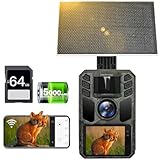 FKPCAM Wildkamera Solar WLAN mit Handyübertragung App, 4K HD Video 64MP...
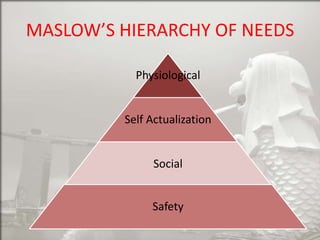 MASLOW’S HIERARCHY OF NEEDS
Physiological

Self Actualization

Social
Safety

 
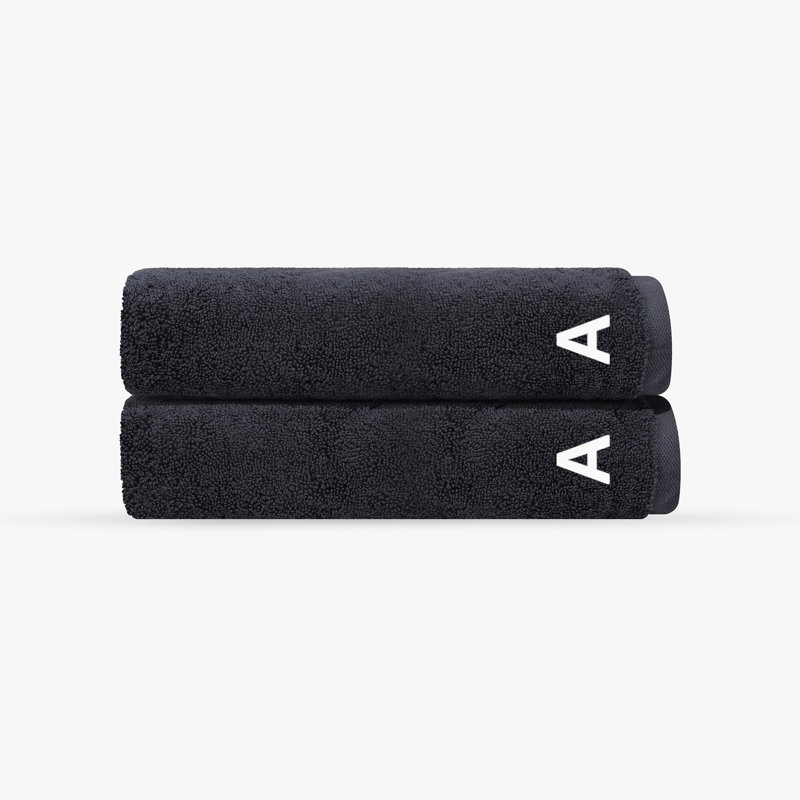 Monogrammed Cloer 2 pcs Turkish Bath Towels Set, A, Anthracite, Bath Towels  - 2 Pack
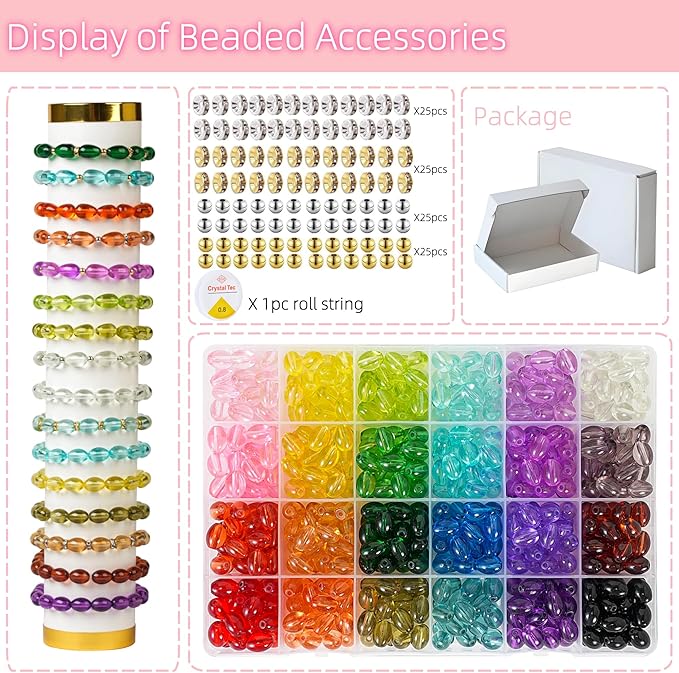 REVKI 8 * 10mm Glass Beads Bracelet Making Kit,500pcs 24 Colors Rice Shaped Natural Bamboo Crystal Beads for Jewelry Making,Teardrop Glass Beads for DIY Necklace Crafts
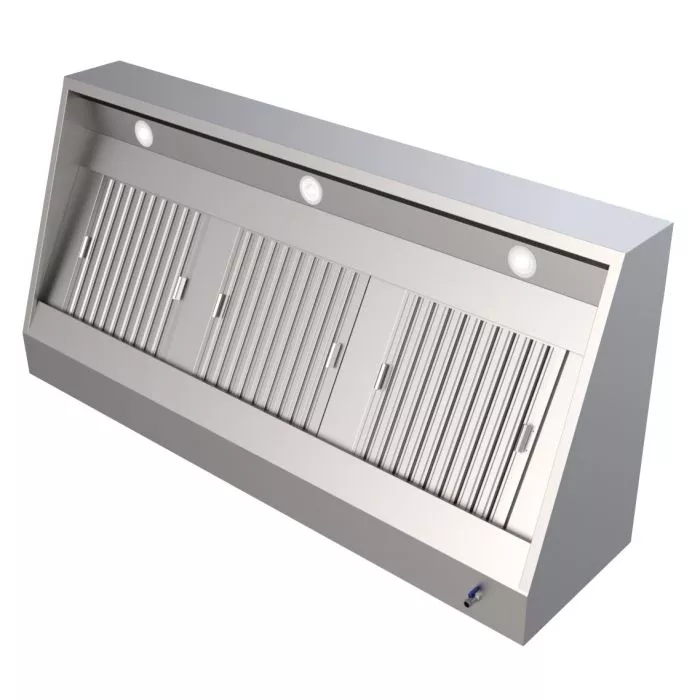 Wandhaube 2400 mm – Edelstahl-Dunstabzugshaube mit 4 Filtern & Beleuchtung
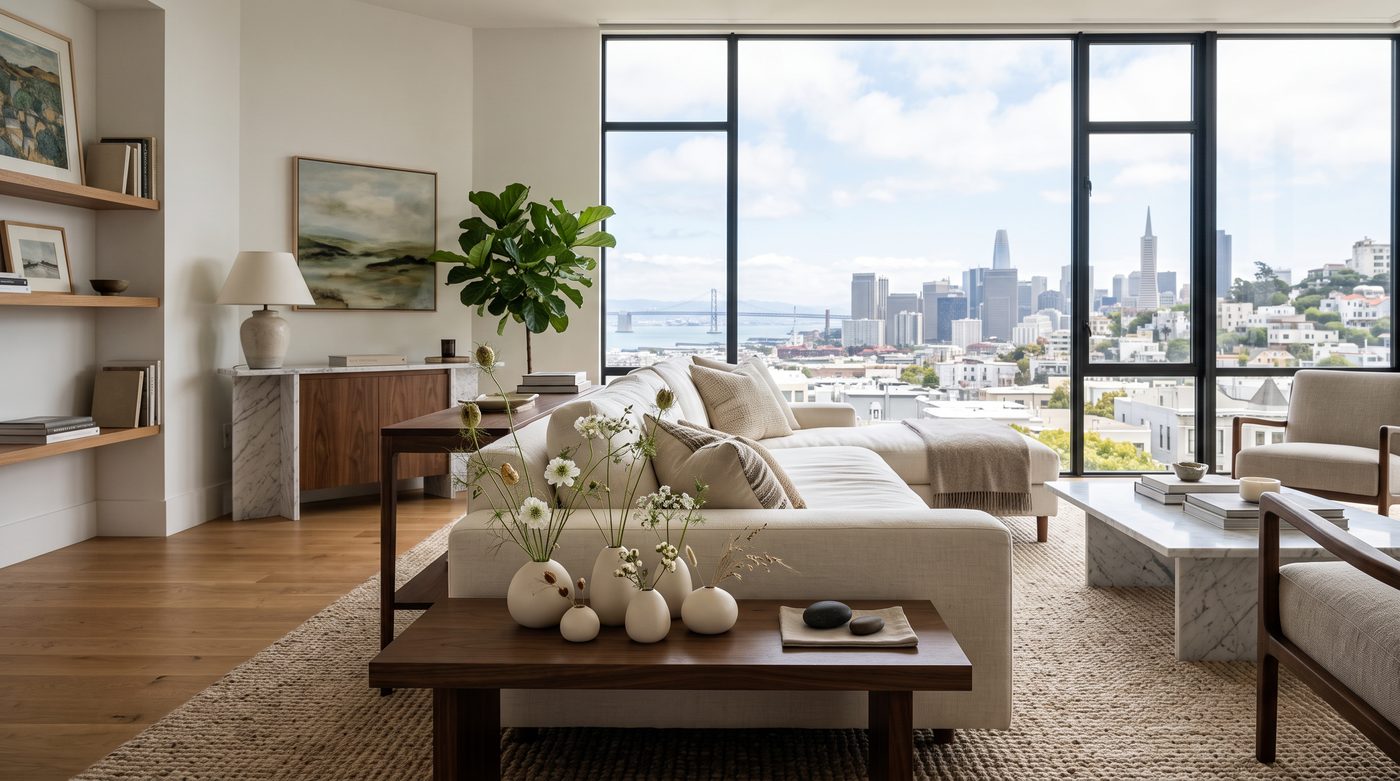 Pebble bud vases on a coffee table, San Francisco skyline beyond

+ + +

* _HOW TO COMPLETE THIS TASK_
Every record should be duplicated exactly, though any picture in it must be left out.

* _FINISHED EXERCISE_
 FKPCAM Wildkamera Solar WLAN mit Handyübertragung App, 4K HD Video 64MP...
 MASLOW’S HIERARCHY OF NEEDS
Physiological

Self Actualization

Social
Safety

 
 Monogrammed Cloer 2 pcs Turkish Bath Towels Set, A, Anthracite, Bath Towels  - 2 Pack
 REVKI 8 * 10mm Glass Beads Bracelet Making Kit,500pcs 24 Colors Rice Shaped Natural Bamboo Crystal Beads for Jewelry Making,Teardrop Glass Beads for DIY Necklace Crafts
 Wandhaube 2400 mm – Edelstahl-Dunstabzugshaube mit 4 Filtern & Beleuchtung
 Pebble bud vases on a coffee table, San Francisco skyline beyond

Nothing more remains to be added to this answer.